А потом Атанарих остался один. Снова навалились мысли о том, что поторопился он сменять родную Нарвенну, и гнать эти мысли становилось всё труднее. Атанарих был уже почти готов пойти на реку и присоединиться к рыбакам. Тем более, оттуда доносились весёлые крики и смех. Но подумал, что после своего отказа выйдет – глупее некуда.
И тут Куннаны снова повернулись к нему лицом. Пришёл Куница – приволок охапку стрел с маленькими наконечниками, и спросил, не пойдёт ли Атанарих завтра на уток?
Оно конечно, фрейсы на уток охотились иначе, чем знатные венделлы. Но Атанарих с Куницей был готов идти куда угодно, разве что землю пахать да навоз таскать не стал бы. Или стал бы? Но решать этот сложный вопрос было некогда. Аларих потащил Атанариха в сарай, где хранилось всё добро дома. Показал особую траву, которую надо навертеть на ноги, чтобы они не замёрзли, даже если промокнут. Потом учил вабить – приманивать уток на манок, изображая сначала стаю, которая только что выбрала место, а потом оживлённо кормится.

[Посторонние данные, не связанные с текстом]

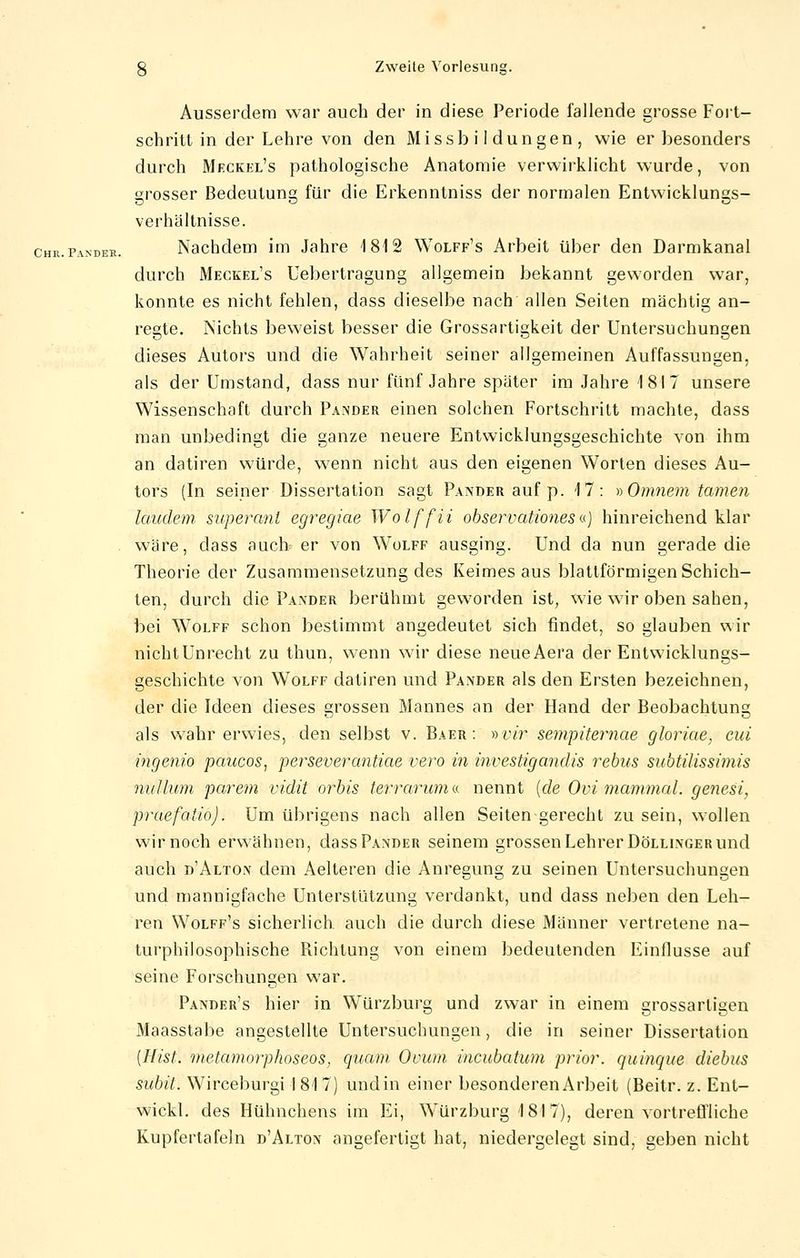 schritt in der Lehre von den Missbildungen, wie er besonders durch Meckel's pathologische Anatomie verwirklicht wurde, von grosser Bedeutung für die Erkenntniss der normalen Entwicklungs- verhältnisse. Nachdem im Jahre 1812 Wolff's Arbeit über den Darmkanal durch Meckel's Uebertragung allgemein bekannt geworden war, konnte es nicht fehlen, dass dieselbe nach allen Seiten mächtig an- regte. Nichts beweist besser die Grossartigkeit der Untersuchungen dieses Autors und die Wahrheit seiner allgemeinen Auffassungen, als der Umstand, dass nur fünf Jahre später im Jahre 1817 unsere Wissenschaft durch Pander einen solchen Fortschritt machte, dass man unbedingt die ganze neuere Entwicklungsgeschichte von ihm an datiren würde, wenn nicht aus den eigenen Worten dieses Au- tors (In seiner Dissertation sagt Pander auf p. 17: »Omnem tarnen landein süperant egregiae Wolffii observationes«) hinreichend klar wäre, dass auch er von Wolff ausging. Und da nun gerade die Theorie der Zusammensetzung des Keimes aus blattförmigen Schich- ten, durch die Paeder berühmt geworden ist, wie wir oben sahen, bei Wolff schon bestimmt angedeutet sich findet, so glauben wir nicht Unrecht zu thun, wenn wir diese neueAera der Entwicklungs- geschichte von Wolff datiren und Pander als den Ersten bezeichnen, der die Ideen dieses grossen Mannes an der Hand der Beobachtung als wahr erwies, den selbst v. Baer : »vir sempiternae gloriae, cid ingenio paiccos, perseverantiae vero in investigandis rebus subtilissimis nulluni parem vidit orbis terrarum« nennt {de Ovi mammal. genest, praefatio). Um übrigens nach allen Seiten gerecht zu sein, wollen wir noch erwähnen, dass Paeder seinem grossen Lehrer Döllinger und auch d'Alton dem Aelteren die Anregung zu seinen Untersuchungen und mannigfache Unterstützung verdankt, und dass neben den Leh- ren Wolff's sicherlich auch die durch diese Männer vertretene na- turphilosophische Richtung von einem bedeutenden Einflüsse auf seine Forschungen war. Pander's hier in Würzburg und zwar in einem grossarligen Maasstabe angestellte Untersuchungen, die in seiner Dissertation [Hist. metamorphoseos, quam Ouum incubatum prior, quinque diebus subit. Wirceburgi 1817) undin einer besonderen Arbeit (Beitr. z. Ent- wickl. des Hühnchens im Ei, Würzburg 181 7), deren vortreffliche Kupfertafeln d'Altox angefertigt hat, niedergelegt sind, geben nicht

– Это просто: тыгдык–дык–дык–хыть! – наставлял он и весело смеялся, глядя, что такое простое дело у Атанариха не получается. – Как же вы охотитесь там, если ты таких вещей не знаешь?
Но выходило у него совсем не обидно. Атанарих только смеялся и рассказывал о псарях, которые ведут собак и спугивают птицу, и о том, как знатные воины бьют её влёт, не спешиваясь.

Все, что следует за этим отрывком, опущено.